(Bloomberg) -- HNA Group Co. Chairman Chen Feng will step up his role in managing the liquidity challenges at one of China’s most indebted companies after the sudden death of his No. 2 executive this week.
Chen will assume the duties of Wang Jian, the late 57-year-old co-chairman who died while sightseeing in a French village this week, the company said in a statement Friday. Adam Tan will continue to serve as chief executive officer, and the group is committed to the "orderly continuity of the company’s strategy and operations," it said in the statement.
The chairman will face the challenge of normalizing a group that’s trembling under more than $90 billion in debt. HNA has sold more than $16 billion in assets this year in the face of soaring borrowing costs after spending tens of billions of dollars snapping up trophy properties and stakes worldwide.
In regards to the disposal of Wang’s 15 percent stake in the group, HNA said the matter will be addressed in a manner that’s consistent with his pledge to donate them to charity in due course. HNA said last year its top executives pledged that in the event they resign or die, that they would donate all their shares to the Cihang charities that HNA set up. The two Cihang charities, one in China and another in New York, owned 52 percent of HNA as of July last year.
The statement didn’t specify which charity the shares would go to. Wang was also vice president of the China Foundation for Justice and Courage, which is managed by the country’s Ministry of Public Security.
There is no shortage of challenges Chen, 65, and Tan, 51, face.

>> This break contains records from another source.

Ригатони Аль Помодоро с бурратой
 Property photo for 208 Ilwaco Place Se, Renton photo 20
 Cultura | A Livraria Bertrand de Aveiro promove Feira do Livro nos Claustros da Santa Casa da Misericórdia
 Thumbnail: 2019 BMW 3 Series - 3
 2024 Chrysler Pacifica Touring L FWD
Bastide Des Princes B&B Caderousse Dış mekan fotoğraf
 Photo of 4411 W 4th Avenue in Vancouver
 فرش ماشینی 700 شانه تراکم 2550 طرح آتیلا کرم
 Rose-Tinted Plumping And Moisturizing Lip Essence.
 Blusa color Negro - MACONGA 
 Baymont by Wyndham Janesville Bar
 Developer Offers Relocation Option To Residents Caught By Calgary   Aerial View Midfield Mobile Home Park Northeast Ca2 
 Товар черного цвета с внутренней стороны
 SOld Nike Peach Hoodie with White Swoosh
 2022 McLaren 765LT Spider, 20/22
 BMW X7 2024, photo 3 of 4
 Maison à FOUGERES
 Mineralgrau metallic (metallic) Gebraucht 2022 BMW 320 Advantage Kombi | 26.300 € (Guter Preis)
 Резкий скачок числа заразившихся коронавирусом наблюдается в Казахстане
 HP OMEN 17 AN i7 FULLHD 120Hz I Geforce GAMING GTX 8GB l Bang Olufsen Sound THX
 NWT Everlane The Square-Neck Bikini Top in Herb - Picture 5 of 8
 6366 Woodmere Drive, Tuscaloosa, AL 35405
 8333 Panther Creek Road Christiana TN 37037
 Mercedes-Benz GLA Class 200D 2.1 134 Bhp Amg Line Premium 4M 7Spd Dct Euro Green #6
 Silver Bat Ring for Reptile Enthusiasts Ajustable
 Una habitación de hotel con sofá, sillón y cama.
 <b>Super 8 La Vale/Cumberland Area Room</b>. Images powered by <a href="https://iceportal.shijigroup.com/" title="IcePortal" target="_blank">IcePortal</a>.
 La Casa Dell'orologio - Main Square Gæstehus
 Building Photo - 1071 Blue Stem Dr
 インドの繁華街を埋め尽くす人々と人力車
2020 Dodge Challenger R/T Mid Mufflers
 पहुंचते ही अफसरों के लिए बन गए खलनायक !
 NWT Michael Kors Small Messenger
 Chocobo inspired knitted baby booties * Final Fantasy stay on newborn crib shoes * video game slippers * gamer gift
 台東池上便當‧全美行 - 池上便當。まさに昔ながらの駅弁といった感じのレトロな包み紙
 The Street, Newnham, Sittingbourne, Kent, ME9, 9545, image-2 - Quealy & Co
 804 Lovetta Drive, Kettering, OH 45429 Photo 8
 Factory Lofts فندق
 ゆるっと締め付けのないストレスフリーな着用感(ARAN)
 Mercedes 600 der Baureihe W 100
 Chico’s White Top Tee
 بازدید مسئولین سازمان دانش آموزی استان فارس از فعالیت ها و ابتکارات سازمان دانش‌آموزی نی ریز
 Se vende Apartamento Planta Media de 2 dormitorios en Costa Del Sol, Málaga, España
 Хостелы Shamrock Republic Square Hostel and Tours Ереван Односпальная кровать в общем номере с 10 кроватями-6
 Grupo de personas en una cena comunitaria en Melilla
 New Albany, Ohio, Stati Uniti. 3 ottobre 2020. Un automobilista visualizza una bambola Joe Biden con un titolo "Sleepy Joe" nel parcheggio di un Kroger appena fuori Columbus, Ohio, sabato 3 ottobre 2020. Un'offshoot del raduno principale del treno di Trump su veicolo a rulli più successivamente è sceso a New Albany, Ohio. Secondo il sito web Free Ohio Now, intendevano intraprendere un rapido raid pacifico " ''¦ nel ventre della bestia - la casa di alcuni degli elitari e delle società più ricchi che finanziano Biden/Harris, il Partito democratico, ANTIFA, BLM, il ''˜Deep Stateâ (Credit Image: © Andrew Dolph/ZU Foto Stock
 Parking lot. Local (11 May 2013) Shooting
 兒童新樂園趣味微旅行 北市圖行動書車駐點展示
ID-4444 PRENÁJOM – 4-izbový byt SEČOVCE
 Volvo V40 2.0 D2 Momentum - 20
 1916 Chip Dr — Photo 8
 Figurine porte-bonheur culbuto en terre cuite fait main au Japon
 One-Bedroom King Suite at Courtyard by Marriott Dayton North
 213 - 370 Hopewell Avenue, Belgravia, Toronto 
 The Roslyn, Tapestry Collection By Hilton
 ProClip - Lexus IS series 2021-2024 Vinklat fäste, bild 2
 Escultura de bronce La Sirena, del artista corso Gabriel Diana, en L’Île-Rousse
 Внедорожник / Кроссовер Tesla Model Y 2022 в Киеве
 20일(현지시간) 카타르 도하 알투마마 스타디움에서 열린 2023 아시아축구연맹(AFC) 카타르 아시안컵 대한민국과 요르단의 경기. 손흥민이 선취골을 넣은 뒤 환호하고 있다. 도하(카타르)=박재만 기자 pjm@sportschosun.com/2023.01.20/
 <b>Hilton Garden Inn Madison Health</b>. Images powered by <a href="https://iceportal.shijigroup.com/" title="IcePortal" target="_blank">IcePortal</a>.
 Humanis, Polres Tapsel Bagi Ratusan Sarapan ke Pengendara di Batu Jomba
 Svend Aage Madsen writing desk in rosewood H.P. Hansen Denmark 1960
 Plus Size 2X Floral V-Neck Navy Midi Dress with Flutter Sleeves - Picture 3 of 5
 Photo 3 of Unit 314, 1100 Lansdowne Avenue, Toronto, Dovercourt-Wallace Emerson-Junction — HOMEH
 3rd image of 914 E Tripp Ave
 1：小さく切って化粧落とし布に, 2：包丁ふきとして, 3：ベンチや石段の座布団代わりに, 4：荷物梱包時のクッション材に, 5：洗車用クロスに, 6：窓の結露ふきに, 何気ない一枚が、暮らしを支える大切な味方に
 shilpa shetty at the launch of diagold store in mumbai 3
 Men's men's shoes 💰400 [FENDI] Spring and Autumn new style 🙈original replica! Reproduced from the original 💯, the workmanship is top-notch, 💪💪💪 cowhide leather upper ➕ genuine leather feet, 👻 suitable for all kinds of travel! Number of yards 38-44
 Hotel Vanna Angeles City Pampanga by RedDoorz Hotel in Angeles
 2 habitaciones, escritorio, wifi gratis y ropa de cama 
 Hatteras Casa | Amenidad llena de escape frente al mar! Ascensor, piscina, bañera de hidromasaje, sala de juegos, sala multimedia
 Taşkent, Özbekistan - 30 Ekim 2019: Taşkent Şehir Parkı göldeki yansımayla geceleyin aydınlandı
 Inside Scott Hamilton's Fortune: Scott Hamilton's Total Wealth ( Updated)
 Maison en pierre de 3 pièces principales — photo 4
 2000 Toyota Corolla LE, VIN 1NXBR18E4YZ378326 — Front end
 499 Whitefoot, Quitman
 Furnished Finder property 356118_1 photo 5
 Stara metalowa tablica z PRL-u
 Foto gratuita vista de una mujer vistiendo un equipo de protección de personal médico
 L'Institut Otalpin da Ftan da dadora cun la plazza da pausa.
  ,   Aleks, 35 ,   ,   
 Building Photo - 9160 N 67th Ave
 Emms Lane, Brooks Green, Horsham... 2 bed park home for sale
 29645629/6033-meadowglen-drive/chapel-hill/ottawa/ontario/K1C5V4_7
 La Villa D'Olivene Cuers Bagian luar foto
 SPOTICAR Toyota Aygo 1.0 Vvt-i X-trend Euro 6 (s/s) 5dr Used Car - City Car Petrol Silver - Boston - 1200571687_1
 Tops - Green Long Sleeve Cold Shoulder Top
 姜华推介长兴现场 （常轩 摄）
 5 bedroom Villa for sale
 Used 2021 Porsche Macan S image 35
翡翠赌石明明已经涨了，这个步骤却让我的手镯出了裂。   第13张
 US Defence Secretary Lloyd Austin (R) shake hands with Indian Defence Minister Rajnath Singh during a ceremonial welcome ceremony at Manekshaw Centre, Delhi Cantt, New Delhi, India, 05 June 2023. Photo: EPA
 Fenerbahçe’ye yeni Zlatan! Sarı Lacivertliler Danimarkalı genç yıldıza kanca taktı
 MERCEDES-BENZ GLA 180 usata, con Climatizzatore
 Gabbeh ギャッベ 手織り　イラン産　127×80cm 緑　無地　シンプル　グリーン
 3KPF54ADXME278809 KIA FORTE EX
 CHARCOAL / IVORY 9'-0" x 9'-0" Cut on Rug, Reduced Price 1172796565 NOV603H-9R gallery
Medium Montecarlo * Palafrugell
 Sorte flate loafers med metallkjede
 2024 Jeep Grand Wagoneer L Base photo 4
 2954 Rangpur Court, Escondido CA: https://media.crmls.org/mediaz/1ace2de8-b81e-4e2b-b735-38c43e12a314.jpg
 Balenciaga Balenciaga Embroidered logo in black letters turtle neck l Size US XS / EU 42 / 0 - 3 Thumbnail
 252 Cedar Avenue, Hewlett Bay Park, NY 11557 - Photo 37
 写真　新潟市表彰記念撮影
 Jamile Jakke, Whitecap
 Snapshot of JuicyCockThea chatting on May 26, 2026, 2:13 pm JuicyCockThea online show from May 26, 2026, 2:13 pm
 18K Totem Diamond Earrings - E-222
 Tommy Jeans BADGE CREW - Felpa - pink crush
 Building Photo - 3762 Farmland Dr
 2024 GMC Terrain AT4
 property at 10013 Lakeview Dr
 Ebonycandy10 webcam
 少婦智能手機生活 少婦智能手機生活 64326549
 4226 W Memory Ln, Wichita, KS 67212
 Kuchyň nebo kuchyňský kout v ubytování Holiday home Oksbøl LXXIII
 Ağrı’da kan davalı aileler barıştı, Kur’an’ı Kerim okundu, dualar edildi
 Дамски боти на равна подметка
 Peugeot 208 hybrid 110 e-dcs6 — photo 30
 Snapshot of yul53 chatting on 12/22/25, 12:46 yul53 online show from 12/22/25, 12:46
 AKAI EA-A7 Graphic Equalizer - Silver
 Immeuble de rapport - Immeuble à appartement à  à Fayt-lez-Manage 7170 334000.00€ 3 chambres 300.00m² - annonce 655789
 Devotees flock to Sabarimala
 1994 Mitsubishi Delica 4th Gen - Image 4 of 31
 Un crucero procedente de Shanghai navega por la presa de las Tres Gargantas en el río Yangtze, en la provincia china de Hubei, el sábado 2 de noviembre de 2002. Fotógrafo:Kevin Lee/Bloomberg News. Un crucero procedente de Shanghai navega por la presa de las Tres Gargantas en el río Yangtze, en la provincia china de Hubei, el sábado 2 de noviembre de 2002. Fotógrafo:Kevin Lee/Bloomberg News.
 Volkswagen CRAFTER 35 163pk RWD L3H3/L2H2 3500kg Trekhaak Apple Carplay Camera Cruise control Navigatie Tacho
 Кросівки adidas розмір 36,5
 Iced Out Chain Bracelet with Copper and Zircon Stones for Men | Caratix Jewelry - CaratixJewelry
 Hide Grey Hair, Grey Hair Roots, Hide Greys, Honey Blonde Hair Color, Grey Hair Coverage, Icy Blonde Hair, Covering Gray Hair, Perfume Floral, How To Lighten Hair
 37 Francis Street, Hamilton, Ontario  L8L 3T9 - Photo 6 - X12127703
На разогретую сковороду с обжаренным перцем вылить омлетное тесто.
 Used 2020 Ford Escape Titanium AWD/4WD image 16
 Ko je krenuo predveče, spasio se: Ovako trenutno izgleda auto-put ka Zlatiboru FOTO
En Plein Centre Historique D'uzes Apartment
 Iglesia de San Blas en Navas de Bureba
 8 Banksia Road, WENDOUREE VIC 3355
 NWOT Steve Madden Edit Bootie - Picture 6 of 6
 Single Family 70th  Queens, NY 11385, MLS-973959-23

After spending more than $40 billion since the beginning of 2016 on an acquisition spree -- including the purchase of large stakes in Deutsche Bank AG and Hilton Worldwide Holdings Inc. -- HNA is now in downsizing mode.
Despite its success in selling out of Hilton and disposing of various real estate properties globally, the job isn’t done, according to Warut Promboon, managing partner at Bondcritic Ltd.
"HNA should come out to affirm to investors that the restructuring and asset sale efforts are on course," said Promboon. HNA needs to reduce its debt further by billions of dollars, Promboon said.
Still, concerns over HNA have been easing in recent weeks after the asset sales and as the Chinese government is said to have agreed to help the company, which couldn’t generate enough profit in 2017 to pay interest expenses.
But asset sales only address part of its funding needs. HNA last month sold its first bond in China after a rare five-month drought, signaling a crucial source of funding for the debt-laden conglomerate may be opening up. Still, the issuing company, Bohai Capital Holding Co., paid a record coupon of 7 percent, according to data compiled by Bloomberg. Borrowing costs for HNA have been high -- they surged to a record 32.1 billion yuan in 2017, exceeding its earnings and topping all non-financial companies in Asia.
"HNA’s got to put up with higher financing costs just to get funding access, up until they reach a stage where they have sufficiently de-levered,"said Jin Rui Oh, a senior analyst at United First Partners. "Just do what the government wants -- De-leverage and divest."
Yet there are signs that HNA is turning a corner. In June, China’s top leaders agreed to help HNA raise funds, people familiar with the matter have said. A senior official at the People’s Bank of China even held a meeting that included the Hainan provincial government, HNA’s Chen and the group’s biggest creditor, to instruct attendees to support HNA’s bond issues, according to the people. Soon after, HNA’s Bohai Capital sold its bond.
HNA’s top creditors are also state-held.
"The message from the government is very clear: HNA is to reduce debt and to concentrate on its core business of running an airline," said Victor Shih, professor of political economy at the University of California at San Diego. "I expect Chen Feng to focus on that."